# Lionel Atlantic needs new drive



## bahn1225 (Jan 27, 2008)

I have a *Lionel Atlantic* (4-4-2) I haven't run for almost 20 years.
It needs a new motor/drivetrain.
I know *BarrysBigTrains *does conversion of Bachmanns,
but does he do anything with this locomotive?

And, if not, can anyone recommend someone that will do a conversion on this?

Your assistance in this matter will be sincerely appreciated.


----------



## Greg Elmassian (Jan 3, 2008)

Until recently you could order spare parts from Lionel. 
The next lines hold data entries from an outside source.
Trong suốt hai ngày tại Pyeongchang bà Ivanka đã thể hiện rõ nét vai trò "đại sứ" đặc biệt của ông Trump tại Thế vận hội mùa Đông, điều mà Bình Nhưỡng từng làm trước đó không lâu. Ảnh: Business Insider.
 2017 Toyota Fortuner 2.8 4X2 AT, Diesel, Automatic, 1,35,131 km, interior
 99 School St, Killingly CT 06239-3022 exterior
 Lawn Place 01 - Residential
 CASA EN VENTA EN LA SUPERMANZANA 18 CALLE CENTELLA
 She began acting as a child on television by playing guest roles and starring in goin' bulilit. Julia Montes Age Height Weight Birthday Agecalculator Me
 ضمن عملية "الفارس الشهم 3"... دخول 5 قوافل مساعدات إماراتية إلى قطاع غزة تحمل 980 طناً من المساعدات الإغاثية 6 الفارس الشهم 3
George Schreyer has tips on this loco, I have some also. I think I listed some part numbers, but not the motor or gears. 

Greg


----------



## lownote (Jan 3, 2008)

A couple years ago I was able to order replacement parts not from lionel, but from another supplier who had taken over the "legacy" part of lionel's business. I'm trying to find the name but having no luck--I'll keep looking. I remember I had to find an exploded diagram of the 4-4-2, then search for specific parts by number. It was a company that Lionel had contracted to handle "legacy" parts. But I just can't remember the name


----------



## Pterosaur (May 6, 2008)

You could try these guys...They have a lot of "Large Scale" parts listed but I did not see the items you need. 

http://www.traindoctor.com/service/gscale/lionel.asp 

I too am concerned as the Lionel Atlantics are still my favorites to run. Spares are rare. What died? Did you lose both the motor and the drive gears?


----------



## Pete Thornton (Jan 2, 2008)

There's a vendor at ECLSTS every year who has the remaining stock of complete locomotives. He still seemed to have about 1/2 dozen this year, but his prices are unreasonable. Maybe someone can remember the vendor's name ?


----------



## Greg Elmassian (Jan 3, 2008)

You see them on ebay often, but in good condition they usually command near $200... the valve gear is first to go, and often there are concealed problems... but find one for $100 for parts is probably a good gamble. I'm looking for a second one. Once you lash the motor down and make the axle shim modifications, the drivetrain is pretty close to bulletproof. 

Greg


----------



## bahn1225 (Jan 27, 2008)

Posted By Pterosaur on 23 Apr 2011 06:19 AM 
Spares are rare. What died? Did you lose both the motor and the drive gears? 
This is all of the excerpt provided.